Substituting optimized parameters in Table 2 into the sixteen ISE models, the predicted value H_p can be calculated for each experimental or simulated data H_r. Then by using the Equations (23) and (24), the DCs of the sixteen ISE models are determined for different materials and given in Table 3.

Among the sixteen ISE models, N-G-Fs model has the best fits to the normal ISE of MgO and 16MND5 with the maximum DC values. The N-G-H and N-G-Ls models give the maximum DC for HEA. Moreover, it can be found that other ISE models except the H-K, PSR, EPD, N-G and L-Z-Hs provide higher DC values for the normal ISE.

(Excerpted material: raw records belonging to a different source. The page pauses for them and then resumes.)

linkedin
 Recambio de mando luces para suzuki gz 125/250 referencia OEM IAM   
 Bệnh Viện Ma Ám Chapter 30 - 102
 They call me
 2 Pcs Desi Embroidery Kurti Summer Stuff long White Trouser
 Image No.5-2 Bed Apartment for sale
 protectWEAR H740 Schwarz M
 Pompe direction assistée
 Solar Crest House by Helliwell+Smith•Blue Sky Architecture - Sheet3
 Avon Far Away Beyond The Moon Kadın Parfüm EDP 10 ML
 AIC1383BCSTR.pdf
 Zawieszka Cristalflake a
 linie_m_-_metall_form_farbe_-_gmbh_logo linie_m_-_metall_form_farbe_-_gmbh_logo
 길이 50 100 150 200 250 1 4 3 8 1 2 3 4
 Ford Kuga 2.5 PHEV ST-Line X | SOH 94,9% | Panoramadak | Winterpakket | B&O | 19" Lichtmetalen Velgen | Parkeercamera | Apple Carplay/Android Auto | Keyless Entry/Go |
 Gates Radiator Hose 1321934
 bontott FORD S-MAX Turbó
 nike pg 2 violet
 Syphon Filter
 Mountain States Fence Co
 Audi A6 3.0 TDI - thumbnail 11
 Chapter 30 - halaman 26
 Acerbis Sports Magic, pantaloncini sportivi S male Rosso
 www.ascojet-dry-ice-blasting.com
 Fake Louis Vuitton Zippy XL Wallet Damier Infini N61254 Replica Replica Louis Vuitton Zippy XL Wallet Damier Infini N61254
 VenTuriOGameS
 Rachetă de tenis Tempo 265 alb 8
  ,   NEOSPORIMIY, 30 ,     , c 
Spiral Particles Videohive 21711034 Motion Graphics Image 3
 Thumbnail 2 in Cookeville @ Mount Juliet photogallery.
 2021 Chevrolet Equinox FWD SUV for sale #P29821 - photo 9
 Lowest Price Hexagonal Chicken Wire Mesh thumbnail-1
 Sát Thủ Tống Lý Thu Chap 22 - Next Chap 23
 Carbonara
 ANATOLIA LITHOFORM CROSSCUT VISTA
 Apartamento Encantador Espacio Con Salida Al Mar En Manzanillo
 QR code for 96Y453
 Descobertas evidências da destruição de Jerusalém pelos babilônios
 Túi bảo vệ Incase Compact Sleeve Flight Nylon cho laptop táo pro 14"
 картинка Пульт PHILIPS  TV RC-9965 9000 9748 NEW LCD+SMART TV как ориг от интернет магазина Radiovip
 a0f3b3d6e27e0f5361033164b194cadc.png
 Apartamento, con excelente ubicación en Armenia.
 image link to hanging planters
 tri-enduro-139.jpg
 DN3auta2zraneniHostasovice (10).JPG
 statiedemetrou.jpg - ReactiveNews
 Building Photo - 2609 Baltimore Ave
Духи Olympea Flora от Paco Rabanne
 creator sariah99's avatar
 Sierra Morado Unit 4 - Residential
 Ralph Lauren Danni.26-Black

For reverse ISE in Table 3, the highest DC value for NiCSi is given by the EXP model, while the N-G-Fs model provides the maximum DC value for TC4 and the N-G-A model forecasts the maximum DC value for PED Ni. Moreover, when the indentation depth is very small, it can be noted in Table 3 that N-G-YC mode fits the data of NiCSi and PED Ni with high DC values (0.9314 and 0.9835), but it predicts exactly opposite trend compared to the experimental data [see in Figure 3a,b,e,f]. This means that the DC alone cannot fully assess the accuracy of models’ predictions, and the comparison of test data with models’ predictions should be analyzed.

For the transition of normal to reverse ISE in Table 3, the N-G-YC model has the highest value of DC for ZrO₂. One can see that the maximum DC of Cu is obtained by using the N-G-Fs and N-G-H models. The maximum DC of Y₂O₃-ZrO₂ determined by the N-G-H model is 0.9206.

In addition, the mean DCs of the sixteen ISE models are calculated and given at the right of Table 3. It can be seen that the mean DC=0.92060 of the N-G-Fs model is the maximum among the sixteen ISE models, followed by the N-G-H model. It is obvious that a better correlation is obtained by using the N-G-Fs and N-G-H models, but they cannot accurately predict the reverse ISE. Therefore, it can be concluded that the N-G-Fs and N-G-H models should be modified to accurately predict the reverse ISE.

5. Conclusions

In this paper, through applying the sixteen ISE models to predict the three types of ISEs, namely, normal ISE, reverse ISE and transition of normal to reverse ISE. The following conclusions can be drawn.

For the normal ISE, it can be found that the predicted ISE curves of H-J, N-G-A and N-G-Qs models agrees well with the experimental or simulated data. The reason is that friction stress that is not related to dislocation activities takes into account has been introduced into these models. N-G-Fs and N-G-H models also can accurately predict the normal ISE. The reason for this is that the N-G-Fs model considers the gradual expansion of the plastic zone as indentation depth decreases, while the N-G-H model assumes an increase in the number of dislocations in the effective plastic zone as the hⁿ increases. On this basis, it can be concluded that the friction stress that is not related to dislocation activities and the indentation size effect of plastic zone are critical to accurately predict the three types of ISEs. Therefore, these two factors should be considered in future models.

The sixteen ISE models are originally proposed to describe the normal ISE of different materials. However, to our surprise, some of these models are able to capture the reverse ISE and the transition of normal to reverse ISE of different materials. The DCs of the sixteen ISE models are also determined for different materials. For reverse ISE, the highest DC value for NiCSi, TC4 and PED Ni are given by the EXP, N-G-Fs and N-G-A models, respectively. For the transition of normal to reverse ISE, the N-G-YC, N-G-Fs, and N-G-H models produce the maximum DC for ZrO₂, Cu and Y₂O₃-ZrO₂, respectively. Moreover, the mean DC of the N-G-Fs model is the maximum among the sixteen ISE models, followed by the N-G-H model, but they cannot accurately predict the reverse ISE. Therefore, it can be concluded that the N-G-Fs and N-G-H models should be further modified to accurately predict the reverse ISE.